THE TASK: Print exactly, and only, the lines from the one containing "Class 10th English" through the last line of the records below, both included; leave out the pictures.

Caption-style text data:
+--

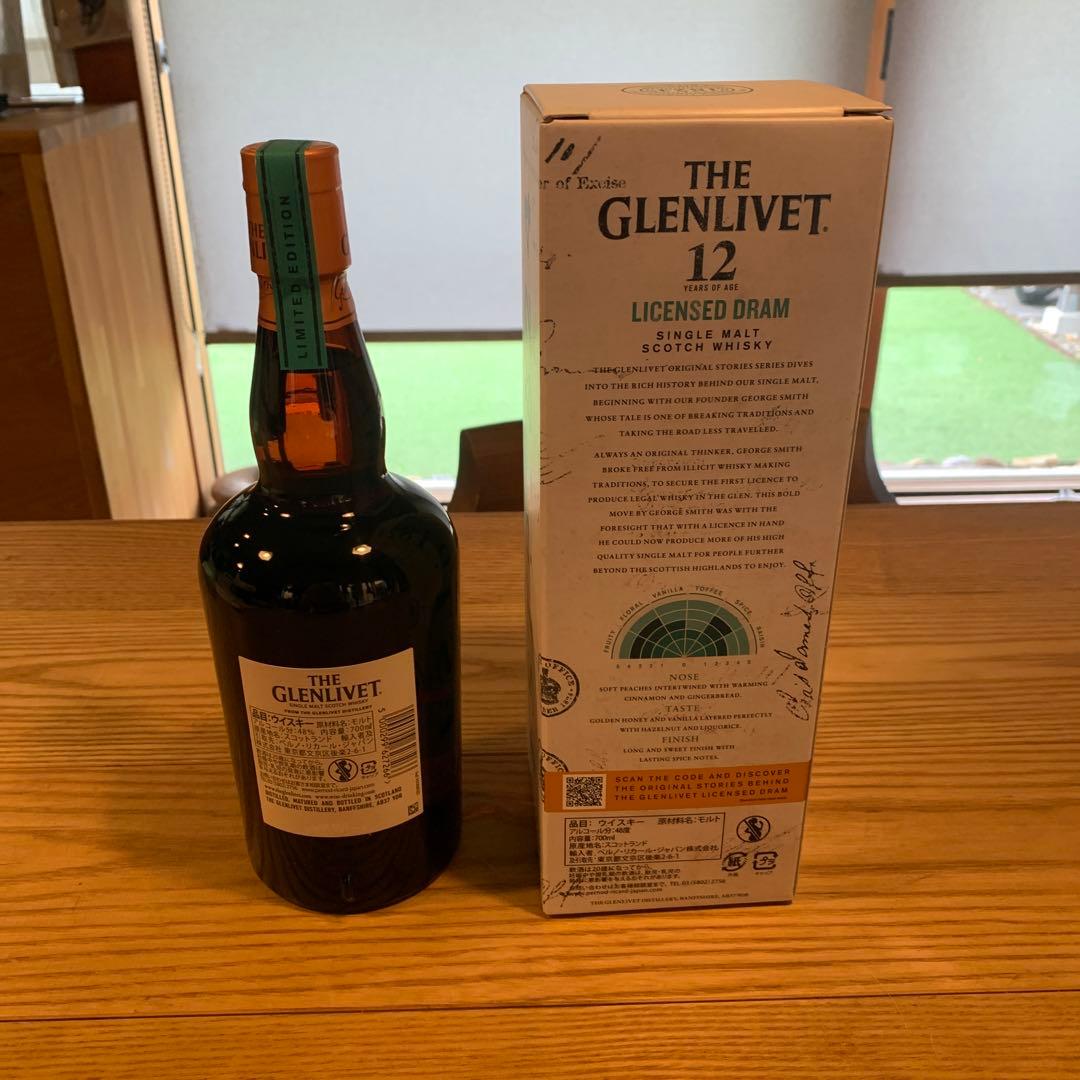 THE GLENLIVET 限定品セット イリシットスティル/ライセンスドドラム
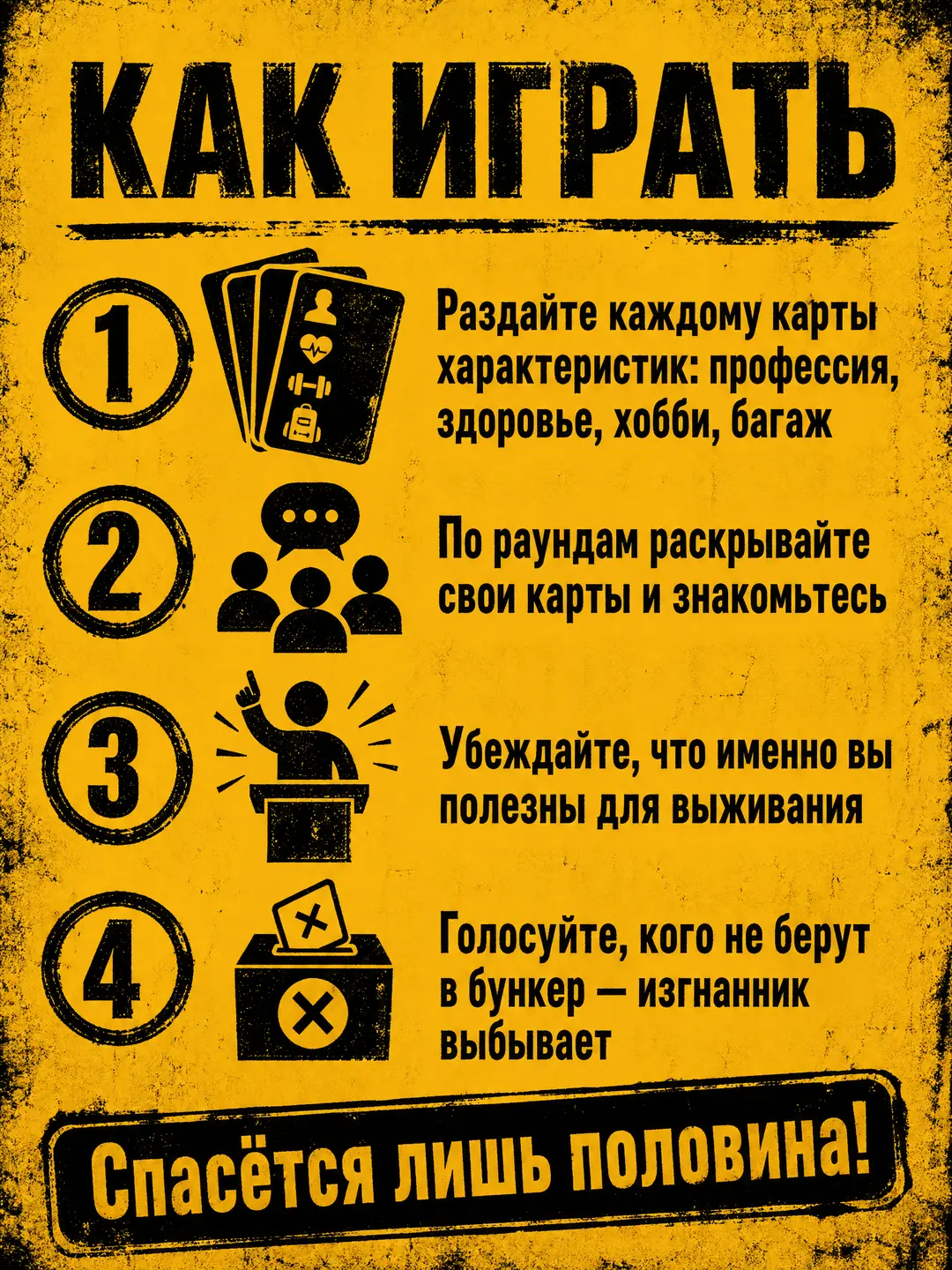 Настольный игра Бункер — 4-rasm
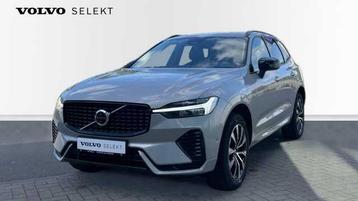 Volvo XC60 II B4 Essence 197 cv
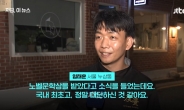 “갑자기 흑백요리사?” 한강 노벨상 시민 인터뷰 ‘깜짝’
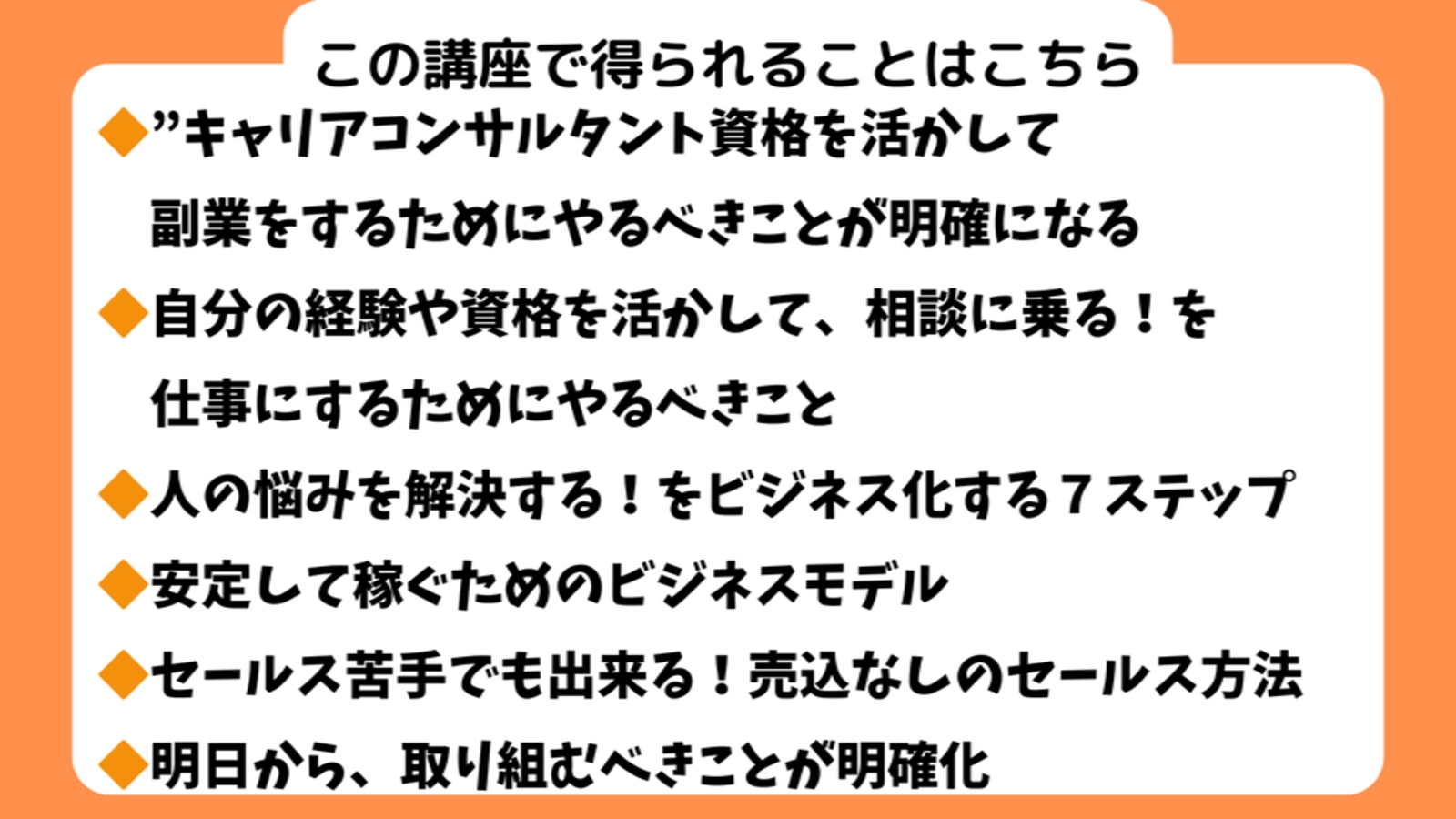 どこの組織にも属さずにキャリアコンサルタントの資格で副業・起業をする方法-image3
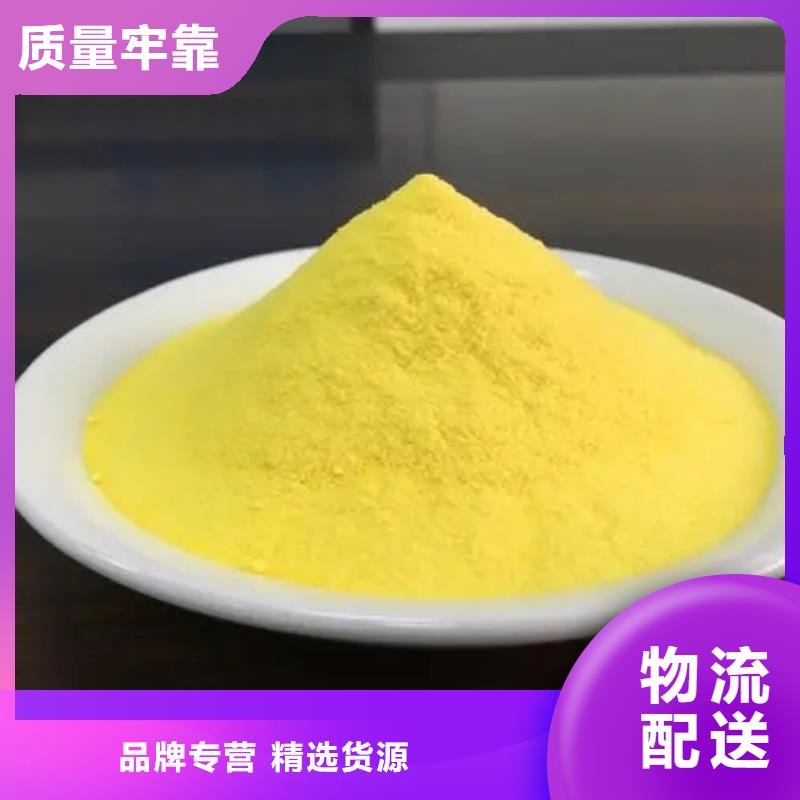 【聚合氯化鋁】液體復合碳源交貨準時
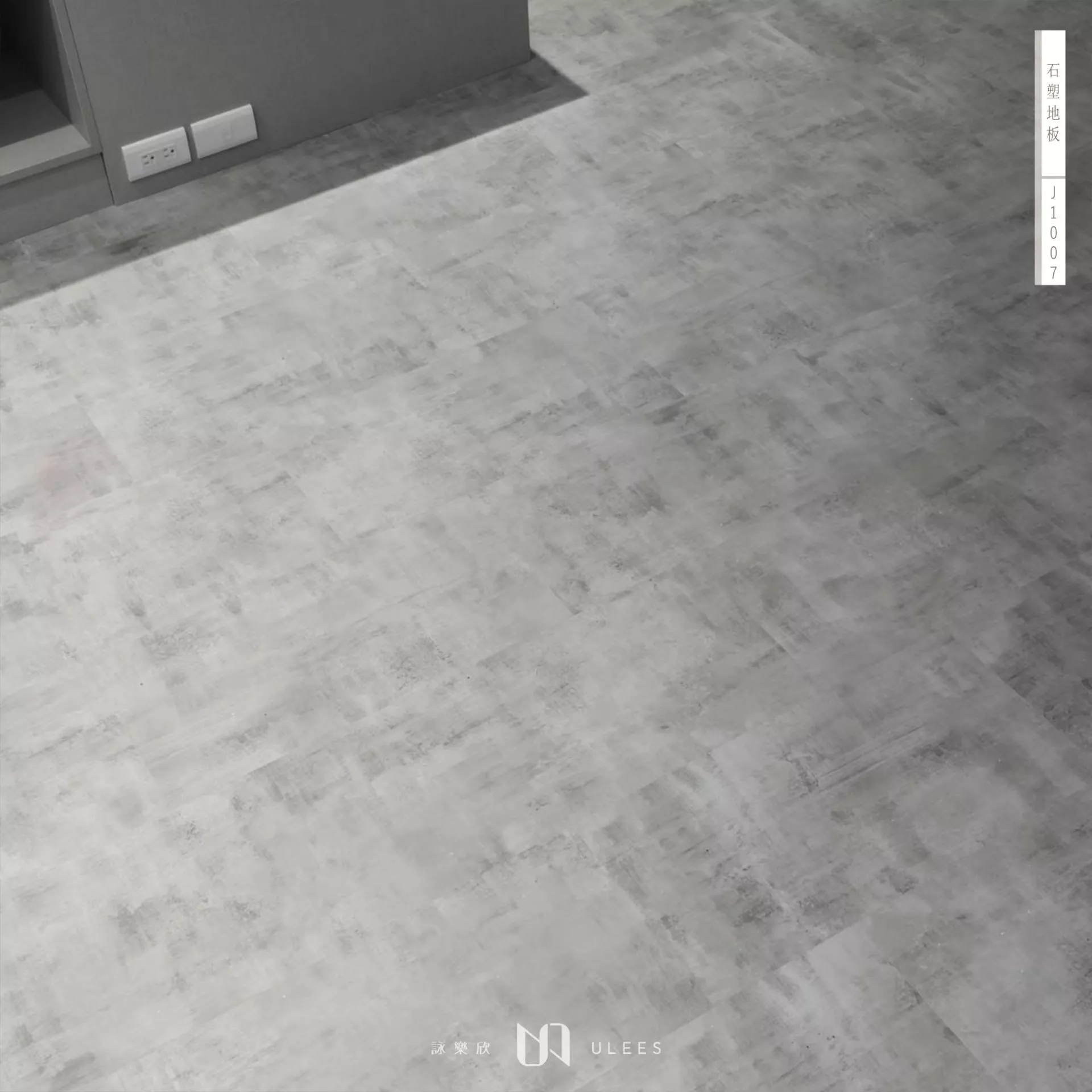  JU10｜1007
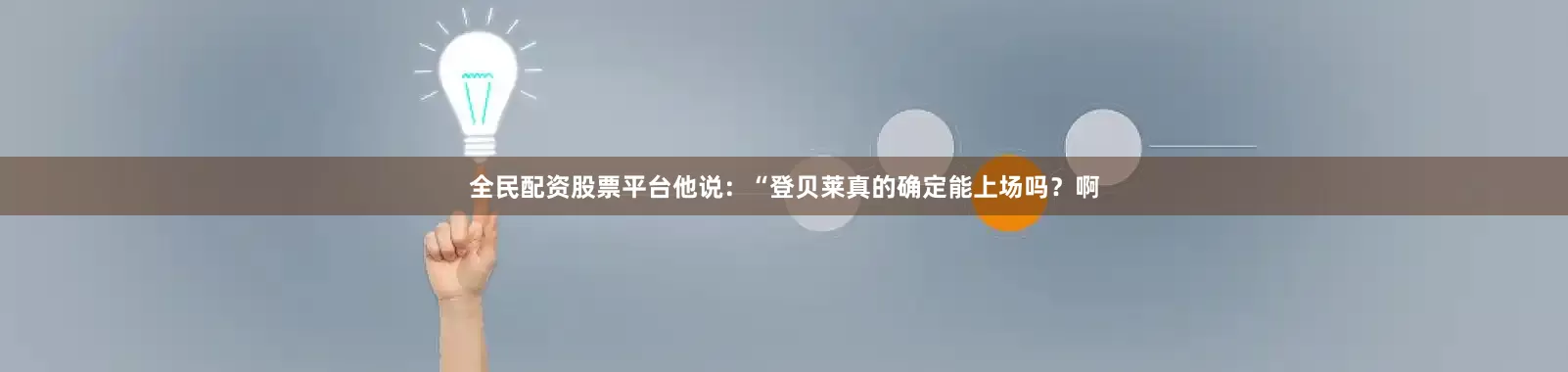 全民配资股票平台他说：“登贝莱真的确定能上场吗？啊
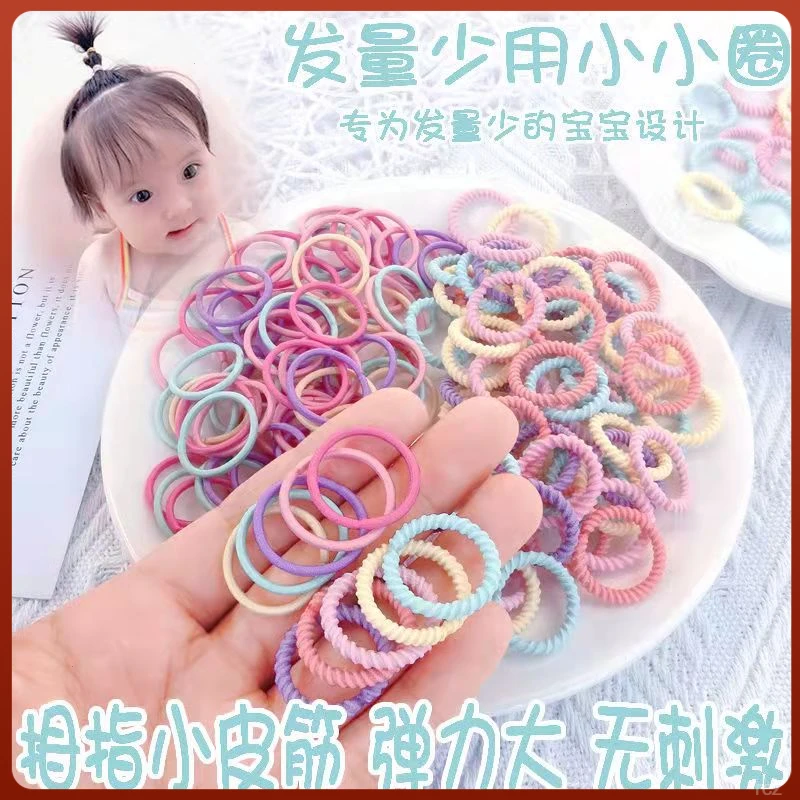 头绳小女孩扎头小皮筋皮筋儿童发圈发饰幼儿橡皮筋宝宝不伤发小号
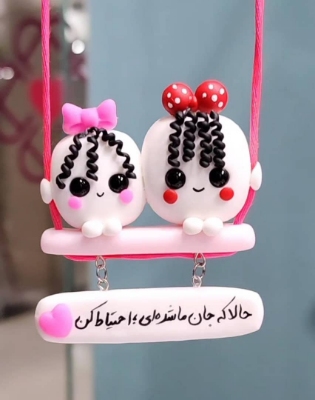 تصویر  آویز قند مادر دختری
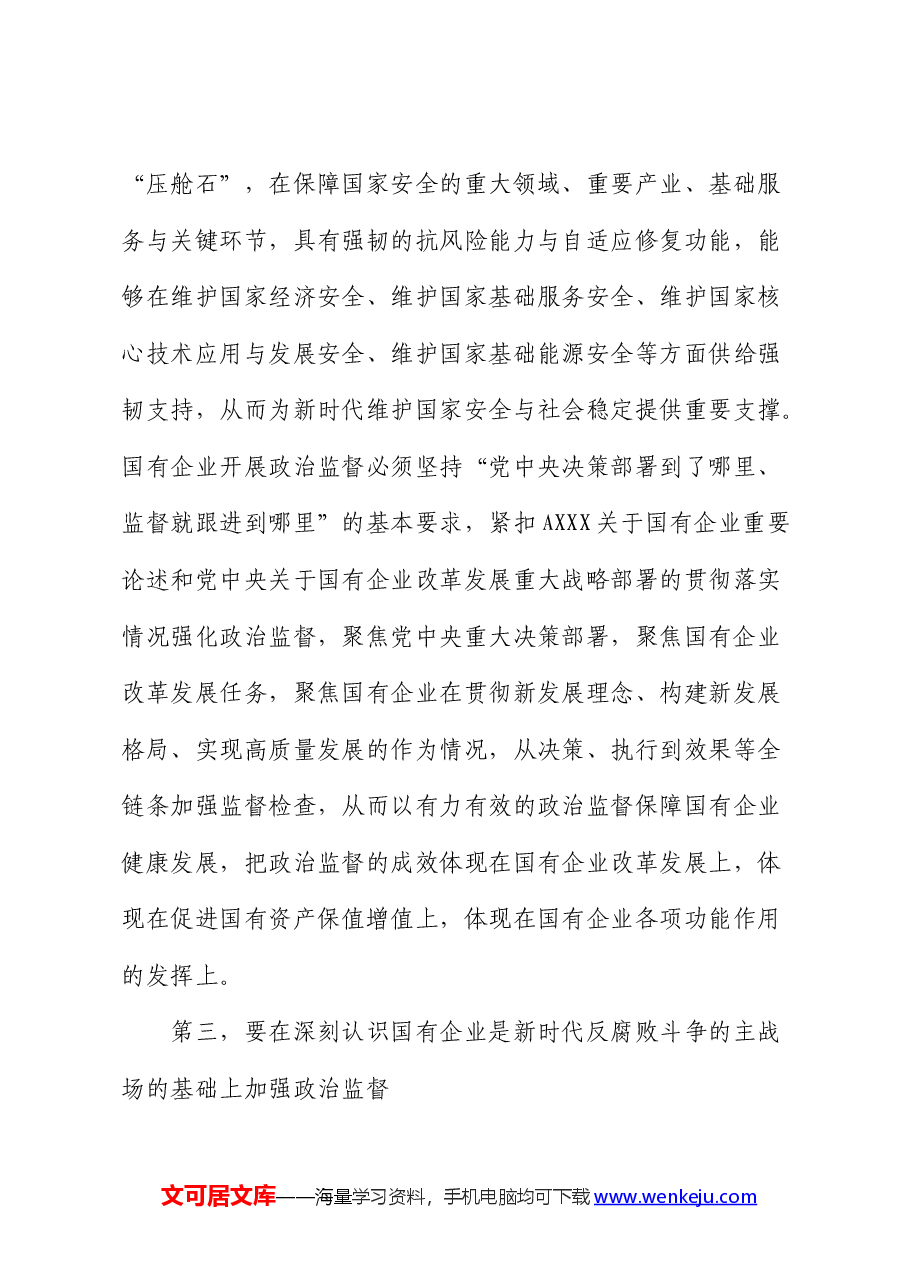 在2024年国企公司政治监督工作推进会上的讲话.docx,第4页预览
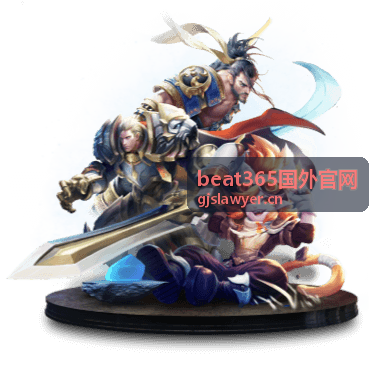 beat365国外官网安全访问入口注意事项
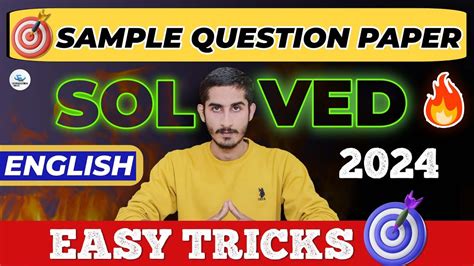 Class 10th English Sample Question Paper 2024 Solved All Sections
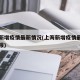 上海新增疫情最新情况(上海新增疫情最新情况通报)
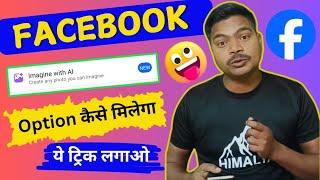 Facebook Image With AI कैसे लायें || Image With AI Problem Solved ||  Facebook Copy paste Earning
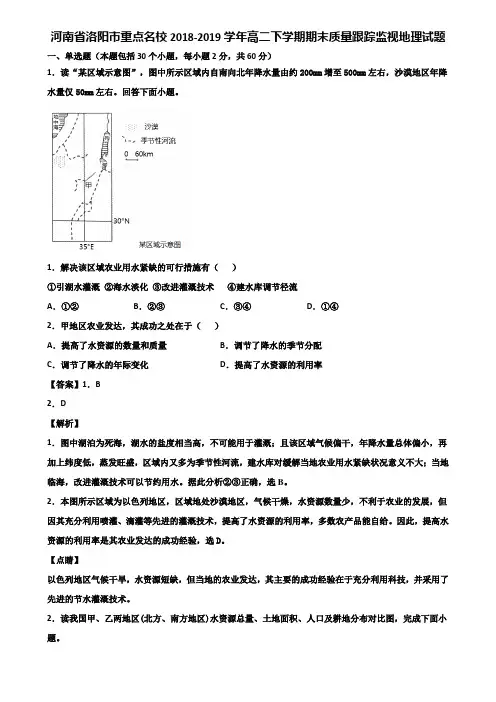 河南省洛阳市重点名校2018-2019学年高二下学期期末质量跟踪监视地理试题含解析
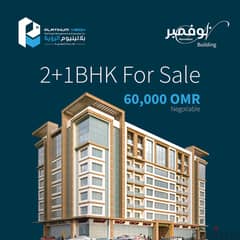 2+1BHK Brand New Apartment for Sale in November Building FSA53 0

+--

ANSWER BELOW:
 Class 10th English Sample Question Paper 2024 Solved All Sections
 上海新增疫情最新情况(上海新增疫情最新情况通报)
 Facebook Image With AI कैसे लायें || Image With AI Problem Solved ||  Facebook Copy paste Earning
 河南省洛阳市重点名校2018-2019学年高二下学期期末质量跟踪监视地理试题含解析
 2+1BHK Brand New Apartment for Sale in November Building FSA53 0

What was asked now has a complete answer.